[Scraped caption text data]
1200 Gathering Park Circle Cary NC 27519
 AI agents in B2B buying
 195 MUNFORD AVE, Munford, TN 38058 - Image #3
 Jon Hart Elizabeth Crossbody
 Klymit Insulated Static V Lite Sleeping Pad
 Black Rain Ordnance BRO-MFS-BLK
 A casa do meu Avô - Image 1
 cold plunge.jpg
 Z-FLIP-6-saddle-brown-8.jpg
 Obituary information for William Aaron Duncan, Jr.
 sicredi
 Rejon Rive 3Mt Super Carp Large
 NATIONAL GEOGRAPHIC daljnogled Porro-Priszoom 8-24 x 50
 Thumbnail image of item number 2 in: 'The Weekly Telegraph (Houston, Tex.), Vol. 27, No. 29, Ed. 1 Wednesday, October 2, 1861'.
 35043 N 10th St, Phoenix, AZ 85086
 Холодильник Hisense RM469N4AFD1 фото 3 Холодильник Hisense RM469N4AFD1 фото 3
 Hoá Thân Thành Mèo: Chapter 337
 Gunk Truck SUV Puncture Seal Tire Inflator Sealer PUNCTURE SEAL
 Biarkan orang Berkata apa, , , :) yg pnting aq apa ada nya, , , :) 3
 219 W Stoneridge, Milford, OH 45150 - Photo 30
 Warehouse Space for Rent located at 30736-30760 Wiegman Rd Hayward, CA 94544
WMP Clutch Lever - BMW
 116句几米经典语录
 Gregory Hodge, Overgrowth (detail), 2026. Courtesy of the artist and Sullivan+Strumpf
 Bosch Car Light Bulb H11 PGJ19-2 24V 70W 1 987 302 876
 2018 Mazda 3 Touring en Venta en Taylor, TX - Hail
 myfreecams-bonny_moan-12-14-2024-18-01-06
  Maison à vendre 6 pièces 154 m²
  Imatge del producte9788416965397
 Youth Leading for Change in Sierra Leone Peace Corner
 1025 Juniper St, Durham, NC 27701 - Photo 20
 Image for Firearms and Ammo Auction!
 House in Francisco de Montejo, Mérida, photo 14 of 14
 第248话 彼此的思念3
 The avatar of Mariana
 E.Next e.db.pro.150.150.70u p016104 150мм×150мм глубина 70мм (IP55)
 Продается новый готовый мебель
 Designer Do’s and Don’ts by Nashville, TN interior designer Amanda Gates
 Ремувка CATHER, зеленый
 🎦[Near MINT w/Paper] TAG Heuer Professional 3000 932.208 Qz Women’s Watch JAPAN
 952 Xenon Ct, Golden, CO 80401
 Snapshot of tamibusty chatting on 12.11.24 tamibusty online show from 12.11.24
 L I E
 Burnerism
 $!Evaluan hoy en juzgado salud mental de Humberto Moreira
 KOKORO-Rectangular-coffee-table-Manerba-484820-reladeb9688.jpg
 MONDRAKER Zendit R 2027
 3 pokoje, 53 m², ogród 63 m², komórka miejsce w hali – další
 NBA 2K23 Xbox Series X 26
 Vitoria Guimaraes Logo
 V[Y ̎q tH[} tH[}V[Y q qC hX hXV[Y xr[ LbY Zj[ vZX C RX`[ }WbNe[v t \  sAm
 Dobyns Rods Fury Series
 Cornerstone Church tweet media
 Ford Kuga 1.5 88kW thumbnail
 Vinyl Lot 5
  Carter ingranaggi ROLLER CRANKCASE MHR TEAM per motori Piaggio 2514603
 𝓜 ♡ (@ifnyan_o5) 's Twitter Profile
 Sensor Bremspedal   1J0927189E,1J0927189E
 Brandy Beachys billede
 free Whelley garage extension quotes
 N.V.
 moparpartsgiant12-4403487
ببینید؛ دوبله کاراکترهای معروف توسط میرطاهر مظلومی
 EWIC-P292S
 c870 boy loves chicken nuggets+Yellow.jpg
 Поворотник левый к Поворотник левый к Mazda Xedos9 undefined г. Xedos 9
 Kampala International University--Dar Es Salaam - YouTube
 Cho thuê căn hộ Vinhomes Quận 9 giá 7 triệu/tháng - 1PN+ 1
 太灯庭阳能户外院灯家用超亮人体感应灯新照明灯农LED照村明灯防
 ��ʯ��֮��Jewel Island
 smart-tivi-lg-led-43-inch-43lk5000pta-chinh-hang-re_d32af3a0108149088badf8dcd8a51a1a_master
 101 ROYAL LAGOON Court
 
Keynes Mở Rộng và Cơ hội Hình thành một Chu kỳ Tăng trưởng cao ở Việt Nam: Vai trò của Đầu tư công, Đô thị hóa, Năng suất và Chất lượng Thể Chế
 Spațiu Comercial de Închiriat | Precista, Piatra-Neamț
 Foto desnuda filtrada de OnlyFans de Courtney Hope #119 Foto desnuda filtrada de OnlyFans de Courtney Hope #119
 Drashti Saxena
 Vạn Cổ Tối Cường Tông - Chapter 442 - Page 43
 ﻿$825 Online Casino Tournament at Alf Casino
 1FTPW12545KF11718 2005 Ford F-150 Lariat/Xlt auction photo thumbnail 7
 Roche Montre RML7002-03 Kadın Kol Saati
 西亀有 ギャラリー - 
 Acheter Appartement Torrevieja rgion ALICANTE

◆ EXERCISE DETAILS ◆
Set down exactly the lines that begin the records and continue through the line bearing "Холодильник Hisense RM469N4AFD1 фото 3 Холодильник"; include both ends.

◆ YOUR RESPONSE ◆
1200 Gathering Park Circle Cary NC 27519
 AI agents in B2B buying
 195 MUNFORD AVE, Munford, TN 38058 - Image #3
 Jon Hart Elizabeth Crossbody
 Klymit Insulated Static V Lite Sleeping Pad
 Black Rain Ordnance BRO-MFS-BLK
 A casa do meu Avô - Image 1
 cold plunge.jpg
 Z-FLIP-6-saddle-brown-8.jpg
 Obituary information for William Aaron Duncan, Jr.
 sicredi
 Rejon Rive 3Mt Super Carp Large
 NATIONAL GEOGRAPHIC daljnogled Porro-Priszoom 8-24 x 50
 Thumbnail image of item number 2 in: 'The Weekly Telegraph (Houston, Tex.), Vol. 27, No. 29, Ed. 1 Wednesday, October 2, 1861'.
 35043 N 10th St, Phoenix, AZ 85086
 Холодильник Hisense RM469N4AFD1 фото 3 Холодильник Hisense RM469N4AFD1 фото 3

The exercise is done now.